Zero-shot Synthesis with Group-Supervised Learning (ICLR 2021 paper)

Last update: Dec 21, 2022

Related tags

Overview

GSL - Zero-shot Synthesis with Group-Supervised Learning

Figure: Zero-shot synthesis performance of our method with different dataset (iLab-20M, RaFD, and Fonts). Bottom: training images (attributes are known). Top: Test image (attributes are a query).

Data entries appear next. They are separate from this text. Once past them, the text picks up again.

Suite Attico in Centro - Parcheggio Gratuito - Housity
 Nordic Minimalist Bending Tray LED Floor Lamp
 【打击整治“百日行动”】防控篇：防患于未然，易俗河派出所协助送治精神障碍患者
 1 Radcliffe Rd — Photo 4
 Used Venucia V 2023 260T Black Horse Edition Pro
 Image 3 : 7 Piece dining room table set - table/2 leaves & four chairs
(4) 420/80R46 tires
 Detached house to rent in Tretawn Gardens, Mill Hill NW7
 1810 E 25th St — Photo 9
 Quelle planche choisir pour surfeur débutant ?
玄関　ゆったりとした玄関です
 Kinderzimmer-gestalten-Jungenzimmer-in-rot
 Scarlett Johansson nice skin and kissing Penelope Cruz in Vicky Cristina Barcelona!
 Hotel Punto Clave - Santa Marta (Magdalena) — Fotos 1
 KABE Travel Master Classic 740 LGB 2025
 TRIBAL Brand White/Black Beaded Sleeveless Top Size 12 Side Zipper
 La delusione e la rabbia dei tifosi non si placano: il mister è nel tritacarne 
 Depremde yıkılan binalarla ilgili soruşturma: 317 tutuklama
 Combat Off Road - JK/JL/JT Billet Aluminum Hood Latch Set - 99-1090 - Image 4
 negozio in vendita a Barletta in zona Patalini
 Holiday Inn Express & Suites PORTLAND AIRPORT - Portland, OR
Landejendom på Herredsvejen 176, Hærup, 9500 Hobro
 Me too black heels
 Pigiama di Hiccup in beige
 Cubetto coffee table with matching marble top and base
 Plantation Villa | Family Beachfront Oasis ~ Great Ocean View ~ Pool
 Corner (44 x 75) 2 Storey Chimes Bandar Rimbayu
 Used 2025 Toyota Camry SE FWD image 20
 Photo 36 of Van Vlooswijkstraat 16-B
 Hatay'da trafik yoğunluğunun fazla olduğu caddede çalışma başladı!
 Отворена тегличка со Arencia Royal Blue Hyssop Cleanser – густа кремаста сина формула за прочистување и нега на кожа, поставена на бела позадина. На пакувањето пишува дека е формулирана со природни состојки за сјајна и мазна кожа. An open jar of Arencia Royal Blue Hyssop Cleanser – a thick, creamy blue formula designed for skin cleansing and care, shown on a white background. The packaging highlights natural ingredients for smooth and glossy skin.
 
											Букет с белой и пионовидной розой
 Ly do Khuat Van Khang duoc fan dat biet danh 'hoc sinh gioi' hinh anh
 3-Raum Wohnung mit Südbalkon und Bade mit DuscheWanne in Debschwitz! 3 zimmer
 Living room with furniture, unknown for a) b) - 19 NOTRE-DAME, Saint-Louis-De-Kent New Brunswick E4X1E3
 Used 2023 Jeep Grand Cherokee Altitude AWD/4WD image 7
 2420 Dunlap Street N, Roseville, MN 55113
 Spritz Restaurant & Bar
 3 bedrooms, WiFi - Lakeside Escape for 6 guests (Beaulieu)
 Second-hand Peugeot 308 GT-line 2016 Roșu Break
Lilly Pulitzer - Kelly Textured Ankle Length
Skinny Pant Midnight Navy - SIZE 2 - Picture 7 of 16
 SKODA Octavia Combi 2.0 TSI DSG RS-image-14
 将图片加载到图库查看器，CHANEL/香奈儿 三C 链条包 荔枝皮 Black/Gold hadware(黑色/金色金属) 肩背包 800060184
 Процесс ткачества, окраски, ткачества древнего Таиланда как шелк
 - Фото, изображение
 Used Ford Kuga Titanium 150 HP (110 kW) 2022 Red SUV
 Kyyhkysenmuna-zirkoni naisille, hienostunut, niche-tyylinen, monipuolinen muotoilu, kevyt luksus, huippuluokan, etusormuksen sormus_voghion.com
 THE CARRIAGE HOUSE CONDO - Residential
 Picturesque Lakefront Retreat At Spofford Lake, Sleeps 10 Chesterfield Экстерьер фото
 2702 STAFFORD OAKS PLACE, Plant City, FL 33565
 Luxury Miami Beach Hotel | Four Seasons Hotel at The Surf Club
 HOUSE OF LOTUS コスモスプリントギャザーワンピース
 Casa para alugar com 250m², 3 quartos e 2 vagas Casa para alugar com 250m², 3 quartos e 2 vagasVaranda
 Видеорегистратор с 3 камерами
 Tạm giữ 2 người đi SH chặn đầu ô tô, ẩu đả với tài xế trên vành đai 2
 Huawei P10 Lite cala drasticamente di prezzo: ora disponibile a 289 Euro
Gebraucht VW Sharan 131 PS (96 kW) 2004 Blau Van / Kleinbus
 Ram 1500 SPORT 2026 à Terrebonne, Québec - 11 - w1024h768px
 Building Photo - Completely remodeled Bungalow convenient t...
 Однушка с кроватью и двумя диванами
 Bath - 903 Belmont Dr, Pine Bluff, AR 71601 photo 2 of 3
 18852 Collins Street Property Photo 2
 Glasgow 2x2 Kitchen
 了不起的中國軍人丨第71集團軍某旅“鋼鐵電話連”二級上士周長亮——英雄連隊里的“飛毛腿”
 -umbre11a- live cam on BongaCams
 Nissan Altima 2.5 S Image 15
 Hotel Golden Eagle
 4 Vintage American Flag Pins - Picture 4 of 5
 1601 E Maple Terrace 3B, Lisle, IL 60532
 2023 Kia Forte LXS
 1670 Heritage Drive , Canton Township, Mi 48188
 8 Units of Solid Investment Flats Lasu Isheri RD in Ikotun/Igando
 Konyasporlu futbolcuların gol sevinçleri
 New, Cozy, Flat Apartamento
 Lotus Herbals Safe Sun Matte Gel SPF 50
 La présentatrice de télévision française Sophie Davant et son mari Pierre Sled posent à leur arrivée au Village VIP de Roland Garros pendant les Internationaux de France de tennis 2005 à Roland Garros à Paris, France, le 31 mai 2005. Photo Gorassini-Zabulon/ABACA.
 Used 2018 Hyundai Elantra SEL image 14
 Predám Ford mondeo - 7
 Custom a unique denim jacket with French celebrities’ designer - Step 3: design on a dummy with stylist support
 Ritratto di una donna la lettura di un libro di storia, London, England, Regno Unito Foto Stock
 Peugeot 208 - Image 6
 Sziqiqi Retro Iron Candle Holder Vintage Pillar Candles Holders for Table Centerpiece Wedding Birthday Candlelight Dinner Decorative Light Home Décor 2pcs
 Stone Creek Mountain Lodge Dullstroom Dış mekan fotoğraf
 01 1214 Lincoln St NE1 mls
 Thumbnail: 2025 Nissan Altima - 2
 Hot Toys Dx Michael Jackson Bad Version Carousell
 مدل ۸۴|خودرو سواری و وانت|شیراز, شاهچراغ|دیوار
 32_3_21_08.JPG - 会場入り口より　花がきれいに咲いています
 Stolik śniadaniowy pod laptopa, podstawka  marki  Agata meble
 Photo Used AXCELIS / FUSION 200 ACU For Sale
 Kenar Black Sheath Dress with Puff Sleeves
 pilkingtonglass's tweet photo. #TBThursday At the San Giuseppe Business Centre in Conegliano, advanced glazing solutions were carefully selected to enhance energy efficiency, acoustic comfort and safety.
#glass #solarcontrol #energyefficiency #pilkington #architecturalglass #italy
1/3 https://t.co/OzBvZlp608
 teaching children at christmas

Zero-shot Synthesis with Group-Supervised Learning
Yunhao Ge, Sami Abu-El-Haija, Gan Xin, Laurent Itti
International Conference on Learning Representations (ICLR), 2021

[Paper] [Project Page] [Fonts dataset]

To aid neural networks to envision objects with different attributes, we propose a family of objective functions, expressed on groups of examples, as a novel learning framework that we term Group-Supervised Learning (GSL). GSL allows us to decompose inputs into a disentangled representation with swappable components, that can be recombined to synthesize new samples. (i.e., images of red boats & blue cars can be decomposed and recombined to synthesize novel images of red cars.

[We are actively updating the code]

Getting Started

Installation

Dependencies

python 3.6.4
pytorch 0.3.1.post2
visdom
tqdm

Clone this repo:

git clone https://github.com/junyanz/pytorch-CycleGAN-and-pix2pix
cd pytorch-CycleGAN-and-pix2pix

Datasets

iLab-20M, is an attributed dataset containing images of toy vehicles placed on a turntable using 11 cameras at different viewing points. There are 3 attribute classes: vehicle identity: 15 categories, each having 25-160 instances; pose; and backgrounds: over 14 for each identity: projecting vehicles in relevant contexts. You can download a subset of iLab-20M that we used in our paper here: iLab-6pose [http://ilab.usc.edu/datasets/iLab_6pose.zip]
Fonts, is a computer-generated RGB image datasets. Each image, with 128 * 128 pixels, contains an alphabet letter rendered using 5 independent generating attributes: letter identity, size, font color, background color and font. you can download the fonts dataset at here: Fonts [http://ilab.usc.edu/datasets/fonts].
RaFD contains pictures of 67 models displaying 8 emotional expressions taken by 5 different camera angles simultaneously. There are 3 attributes: identity, camera position (pose), and expression. To download the RaFD dataset, you must request access to the dataset from the Radboud Faces Database website.
dSprites, is a dataset of 2D shapes procedurally generated from 6 ground truth independent latent factors. These factors are color, shape, scale, rotation, x and y positions of a sprite. you can download the dSprites dataset here dSprites

Datasets Preprocess

To efficiently access the dataset in a manner of Group-Supervised Learning, some dataset need preprocess.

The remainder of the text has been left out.